In addition, these grandfather provisions would remain in
place provided the property does not pass from the owner’s hands, either
through their death or sale, under a series of conditions that are tighter than
what was in place under a 2015 ordinance that was later rescinded.
The divided vote followed unanimous passage of a separate ordinance
that would regulate commercial RV parks within the unincorporated areas of the
county. Any such parks would have to have at least 10 acres for density, and
would be required to maintain at least a 200-foot buffer on all its perimeters
that abut residential structures.
Those RV parks that already exist would be exempted from
these conditions, but would lose that grandfathered status if they cease
operations for more than 30 days.
The ordinance regarding the RVs on residential properties
was met with opposition from the outset, mainly from residents of Beacon Hill.
“I spent my adult life going all over the world defending
freedom, fighting for freedom, Iraq, Afghanistan, all that,” said retired Air
Force veteran Kevin Murphy, from Beacon Hill. “If the government felt like free
was being repressed, big daddy was on the next plane going over there. That’s
what I was sworn to do.
“In my opinion, we’re denying some residents in Gulf County freedom,
the freedom to do what they would like with their own property and their own
stuff,” he said. “We’re denying the people the freedom to do what they will or
will not with their property and that’s wrong.”
But supporters of the ordinance were equally adamant that
rules governing stick-built residential units are extensive, and that it is no
trampling of personal freedom to apply rules to RVs as well.
“We are the only coastal county in Florida that does not
have a robust RV ordinance,” said Pat Hardman, speaking on behalf of herself
and neighbors. “The bottom line is tor protect the residential areas. The proliferation
has occurred because we are the only county without an ordinance.”
She cited data provided her from Property Appraiser Mitch Burke’s
office that compared lots with RVs to those with permanent homes. She said the
difference in accrued tax revenue was about $55,000, $85,000 for homes compared
to about $30,000 for RVs. Hardman said the total difference in revenue was
about $5.5 million countywide.
“There is a huge cost to the county as well as individuals,”
she said. “Stop the bleeding, slow it down, let’s get something on the books. Don’t
let it be a catastrophic problem’ we don’t need a proliferation of more RVs.”
Port St. Joe attorney Pat Floyd, representing people who
live in Indian Pass, encouraged commissioners to act.
“Thank you for running the race, bearing the burden and moving
this toward the finish line,” he said. “By passing this you’re joining the many
other coastal communities that have prohibited RVs as single-family dwelling
units in dangerous areas.
“This is not against their RVs, this is to put them in a
place,” Floyd said. “There are a lot of exceptions (in the new ordinance) and those
are still taken care of. You can do a broader area but do it later. Let’s get
something on the books now to (prevent property owners) from putting so many RV
units in areas that are dangerous.”
But others, like Lynn Wilkinson from Beacon Hill, argued the restrictions would hit moderate-income residents the hardest and make affordable
housing even more difficult to obtain. He said he had lived in an RV back in
2013 as he awaited construction of his stick-built home.

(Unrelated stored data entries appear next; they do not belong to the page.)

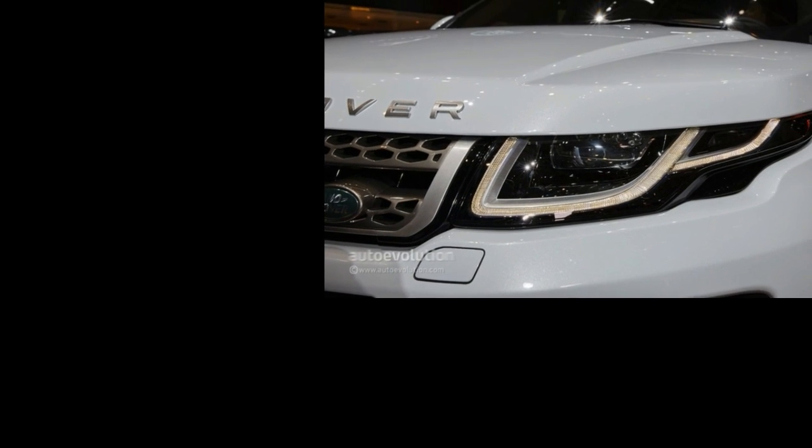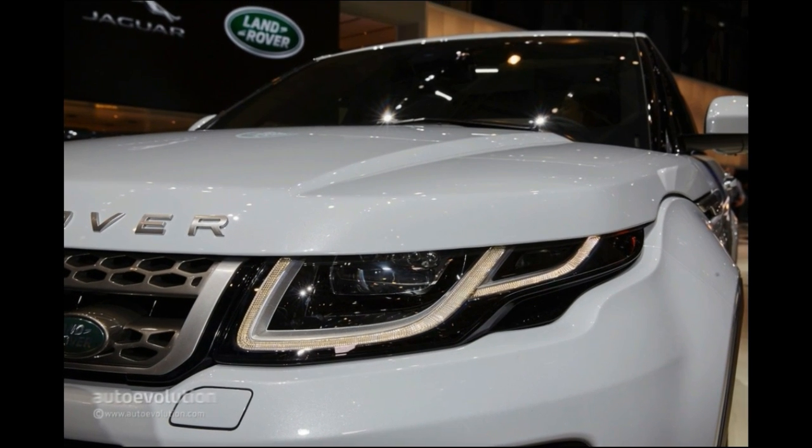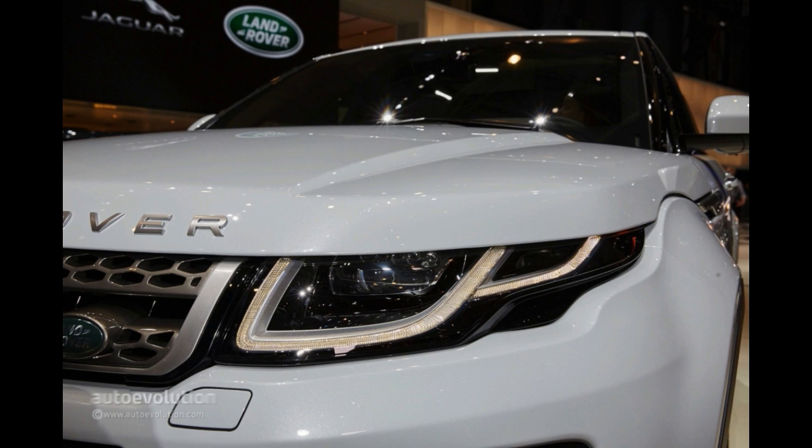The Range Rover Evoque is not necessarily an old model on the car scene and its design is far from perished, but the Brits decided that it could use a small facelift in 2015 and they brought their new car to the Geneva Motor Show for a proper introduction.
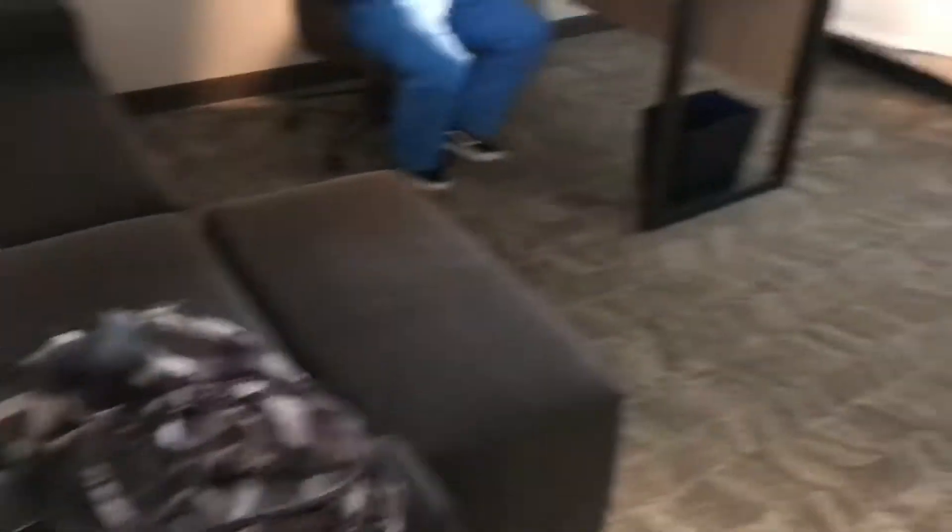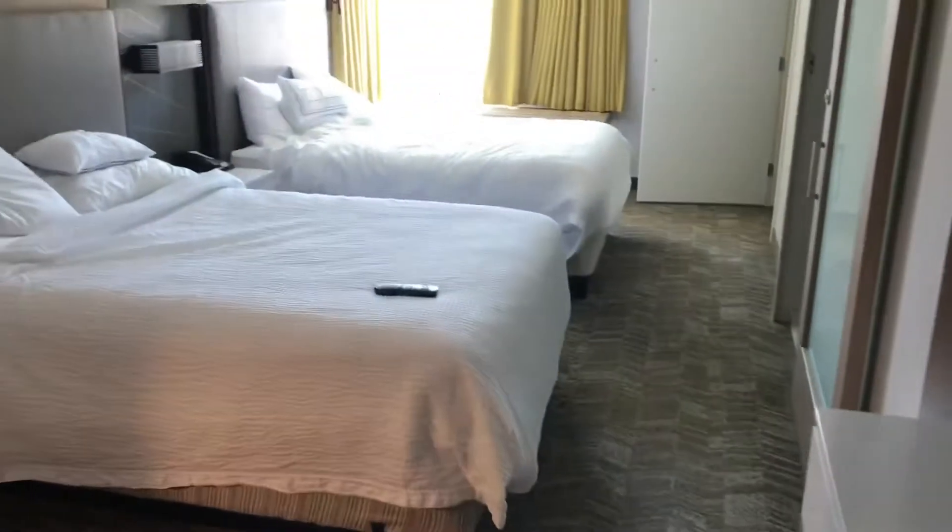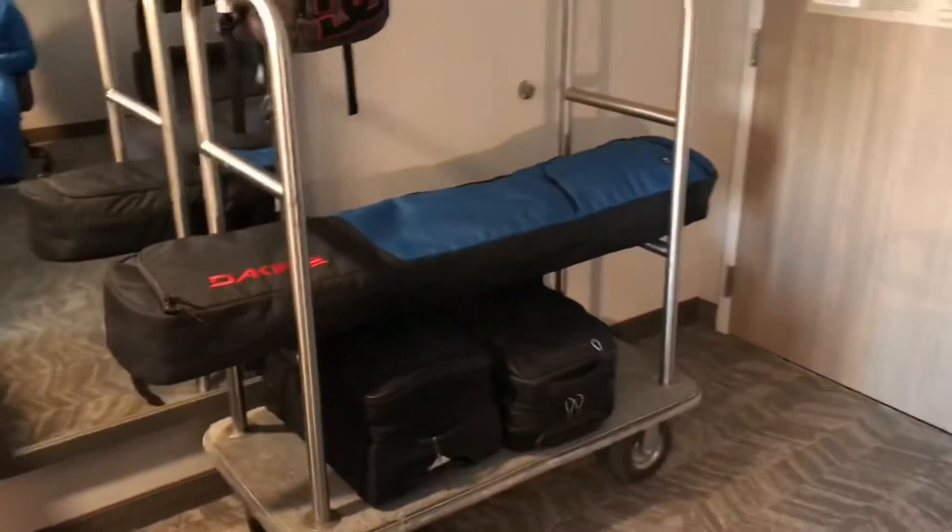Nice little couch on the entryway. My cousin sitting at the desk. A little wet bar and coffee. Standard room, two queens. It's a pretty nice flat-screen TV. You can see all of our gear and everything's lit up, ready to go.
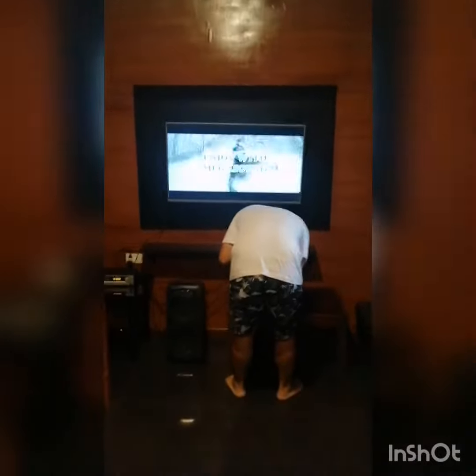In here is the best room of all — the karaoke room! Where at night we'll probably have a karaoke night, which will be awesome.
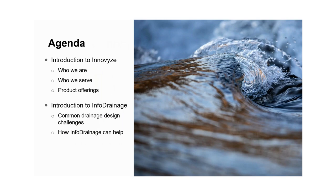My agenda: I'll start with an introduction to Intervise — the acquisition happened about two years ago, but it's still kind of new. We'll cover who Intervise is, who we serve, and some of our product offerings. Then the bulk of our time will focus on one specific product: InfoDrainage, our drainage design software solution, which will make the most sense to existing Autodesk customers using the AEC Collection. We'll talk about common drainage design challenges and how InfoDrainage can help solve those.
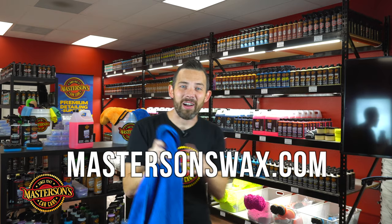What's up guys? This is Greg from Mastersons Car Care and today I'm going to show you our brand new drying towel, our Blue Blazing Extra Plush Drying Towel. You can pick this up right now on our website, MastersonsWax.com.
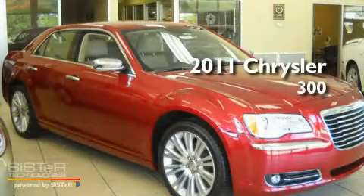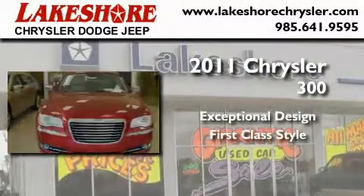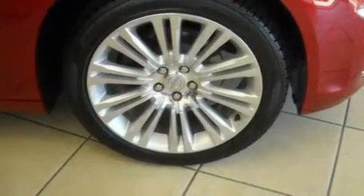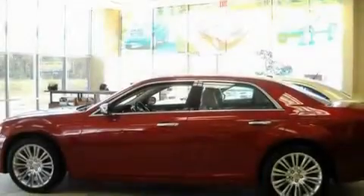This is a brand new 2011 Chrysler 300. Its top features include a power passenger seat, a rear window defroster, keyless entry, a CD player, leather seats, alloy wheels, and fog lamps.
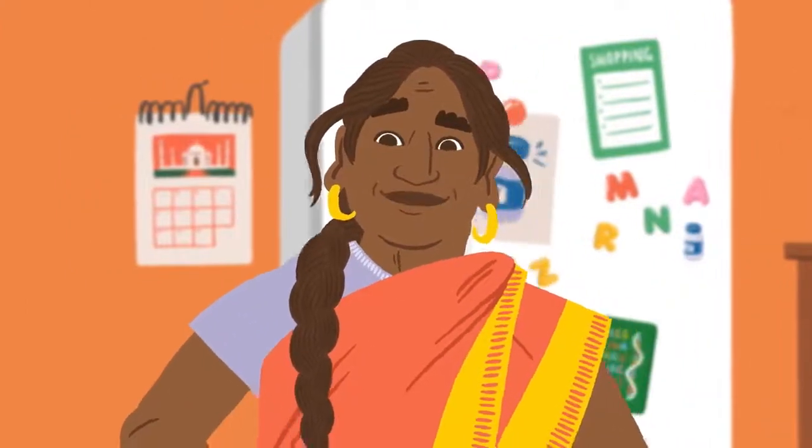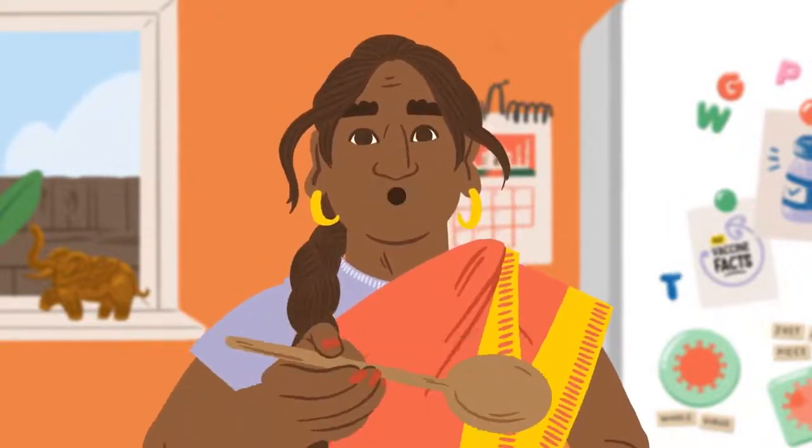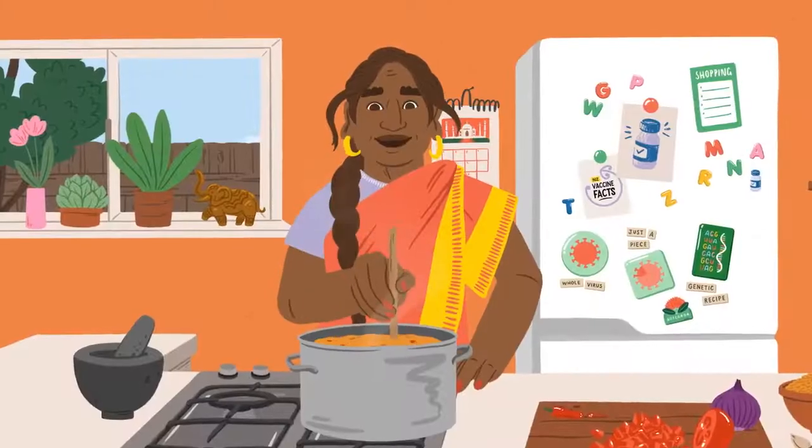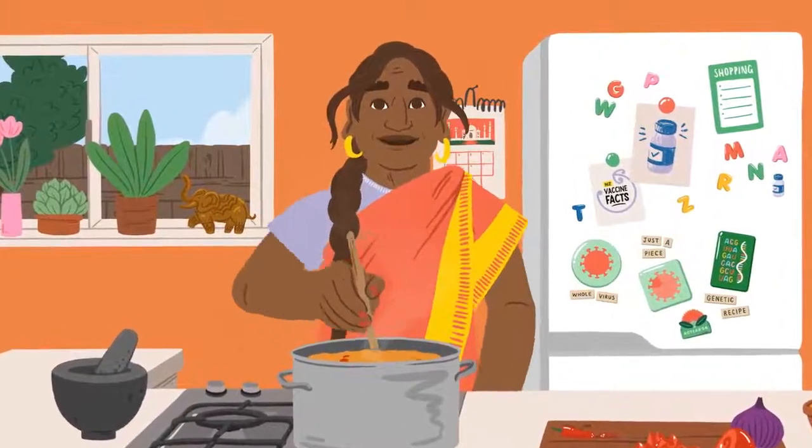Similar to the steps in this recipe, the COVID-19 vaccine we have in New Zealand also follows a set of instructions. But, like our family dala recipes, there are also different approaches to develop vaccines.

“The house behind me has a fulltime resident, she teaches at
your school,” he said. “She didn’t have any short-term rentable options down
here. She had been paying exorbitant rates at the RV parks. I rented her the
property back there.
“I think that Beacon Hill is the last bastion where
hardworking, blue-collar workers can come and have a residence, whether it’s an
RV or the park model homes,” he said. “They can come down here and enjoy beach
“Are we going to end the last spot on the Panhandle where (they)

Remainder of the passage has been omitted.